##### Source material

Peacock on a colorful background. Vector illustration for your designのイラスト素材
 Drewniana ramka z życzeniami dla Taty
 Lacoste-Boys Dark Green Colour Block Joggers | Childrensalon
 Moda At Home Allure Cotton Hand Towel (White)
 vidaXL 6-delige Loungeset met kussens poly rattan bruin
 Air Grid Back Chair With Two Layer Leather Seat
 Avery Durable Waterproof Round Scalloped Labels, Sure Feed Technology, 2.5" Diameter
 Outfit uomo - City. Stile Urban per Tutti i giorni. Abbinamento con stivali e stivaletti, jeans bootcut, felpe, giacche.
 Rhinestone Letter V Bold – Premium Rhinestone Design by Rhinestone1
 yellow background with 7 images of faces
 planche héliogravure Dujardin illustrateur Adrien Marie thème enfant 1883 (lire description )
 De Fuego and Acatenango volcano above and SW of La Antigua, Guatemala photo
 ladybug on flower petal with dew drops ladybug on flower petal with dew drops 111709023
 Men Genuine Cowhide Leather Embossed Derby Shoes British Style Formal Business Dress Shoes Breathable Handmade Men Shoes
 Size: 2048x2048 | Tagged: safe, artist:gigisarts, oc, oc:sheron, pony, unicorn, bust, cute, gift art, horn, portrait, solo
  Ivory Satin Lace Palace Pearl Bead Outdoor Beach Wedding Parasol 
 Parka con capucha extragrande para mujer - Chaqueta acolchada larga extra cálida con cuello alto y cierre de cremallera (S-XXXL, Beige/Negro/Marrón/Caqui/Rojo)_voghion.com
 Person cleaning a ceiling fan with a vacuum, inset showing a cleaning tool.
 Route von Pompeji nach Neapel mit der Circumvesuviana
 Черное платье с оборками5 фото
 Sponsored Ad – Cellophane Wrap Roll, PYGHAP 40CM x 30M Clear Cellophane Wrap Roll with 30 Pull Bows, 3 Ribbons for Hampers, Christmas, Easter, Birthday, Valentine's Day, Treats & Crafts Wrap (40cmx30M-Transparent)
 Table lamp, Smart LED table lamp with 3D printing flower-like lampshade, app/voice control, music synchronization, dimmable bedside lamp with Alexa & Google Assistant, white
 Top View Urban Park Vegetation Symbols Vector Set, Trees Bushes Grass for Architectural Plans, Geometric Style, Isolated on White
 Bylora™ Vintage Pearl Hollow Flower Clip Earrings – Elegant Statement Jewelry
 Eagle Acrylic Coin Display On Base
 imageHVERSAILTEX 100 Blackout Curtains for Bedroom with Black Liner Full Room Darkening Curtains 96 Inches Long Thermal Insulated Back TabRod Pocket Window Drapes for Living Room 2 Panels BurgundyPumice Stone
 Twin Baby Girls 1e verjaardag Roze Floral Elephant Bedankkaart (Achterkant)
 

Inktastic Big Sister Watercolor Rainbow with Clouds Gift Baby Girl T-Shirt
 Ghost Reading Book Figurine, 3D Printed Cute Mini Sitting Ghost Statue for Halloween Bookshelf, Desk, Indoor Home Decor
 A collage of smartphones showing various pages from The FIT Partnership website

##########

» **Problem to work on**:
Would you retype the lines above from the one with "yellow background with 7 images of faces" down to the one with "Sponsored Ad –", word for word, both ends included and no other lines?

» **Answer to this task**:
 yellow background with 7 images of faces
 planche héliogravure Dujardin illustrateur Adrien Marie thème enfant 1883 (lire description )
 De Fuego and Acatenango volcano above and SW of La Antigua, Guatemala photo
 ladybug on flower petal with dew drops ladybug on flower petal with dew drops 111709023
 Men Genuine Cowhide Leather Embossed Derby Shoes British Style Formal Business Dress Shoes Breathable Handmade Men Shoes
 Size: 2048x2048 | Tagged: safe, artist:gigisarts, oc, oc:sheron, pony, unicorn, bust, cute, gift art, horn, portrait, solo
  Ivory Satin Lace Palace Pearl Bead Outdoor Beach Wedding Parasol 
 Parka con capucha extragrande para mujer - Chaqueta acolchada larga extra cálida con cuello alto y cierre de cremallera (S-XXXL, Beige/Negro/Marrón/Caqui/Rojo)_voghion.com
 Person cleaning a ceiling fan with a vacuum, inset showing a cleaning tool.
 Route von Pompeji nach Neapel mit der Circumvesuviana
 Черное платье с оборками5 фото
 Sponsored Ad – Cellophane Wrap Roll, PYGHAP 40CM x 30M Clear Cellophane Wrap Roll with 30 Pull Bows, 3 Ribbons for Hampers, Christmas, Easter, Birthday, Valentine's Day, Treats & Crafts Wrap (40cmx30M-Transparent)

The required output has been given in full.